TASK TO COMPLETE>
All that is needed is the lines from the one containing "Begagnade Takgardinairbag Hyundai" through the end of the listing, printed exactly, with no pictures among them.

Start of DATASET SECTION

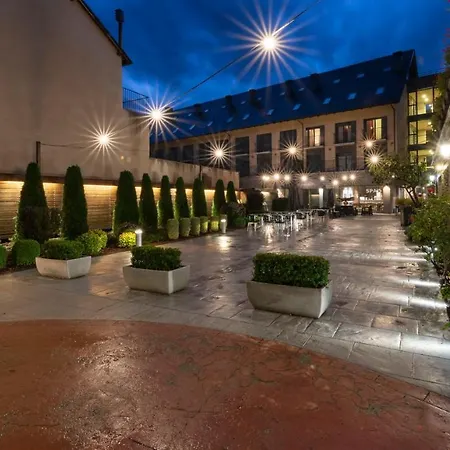 Konukevi Trainera 2*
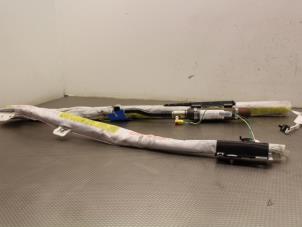 Begagnade Takgardinairbag Hyundai iX35 (LM) 2.0 16V Pris på förfrågan erbjuds av Gebr Opdam B.V.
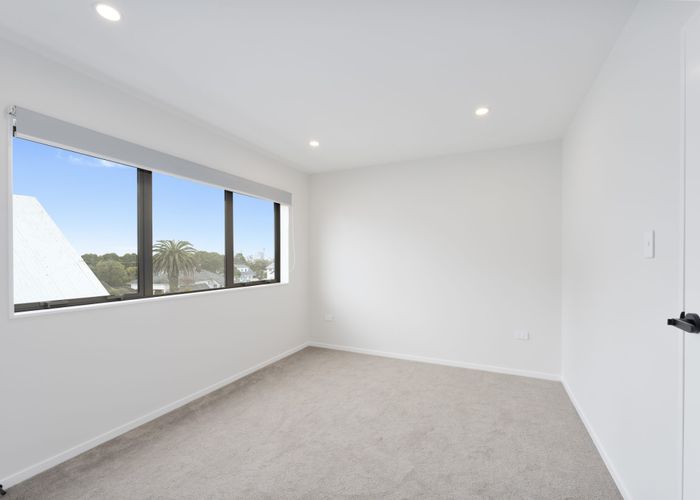  at 1B Egremont Street, Belmont, North Shore City, Auckland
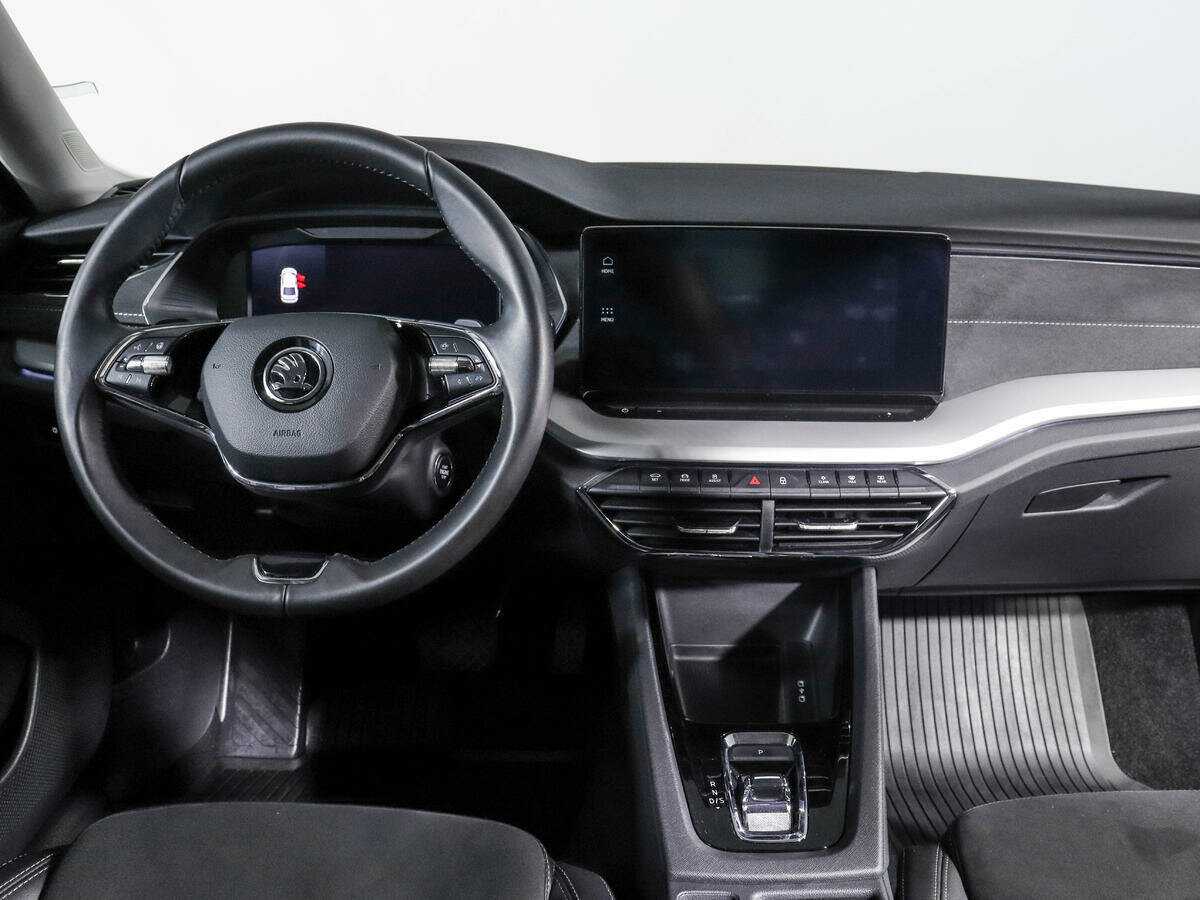 Skoda Octavia 2021 года с пробегом. Фото: #9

End of DATASET SECTION

TASK SOLUTION>
 Begagnade Takgardinairbag Hyundai iX35 (LM) 2.0 16V Pris på förfrågan erbjuds av Gebr Opdam B.V.
  at 1B Egremont Street, Belmont, North Shore City, Auckland
 Skoda Octavia 2021 года с пробегом. Фото: #9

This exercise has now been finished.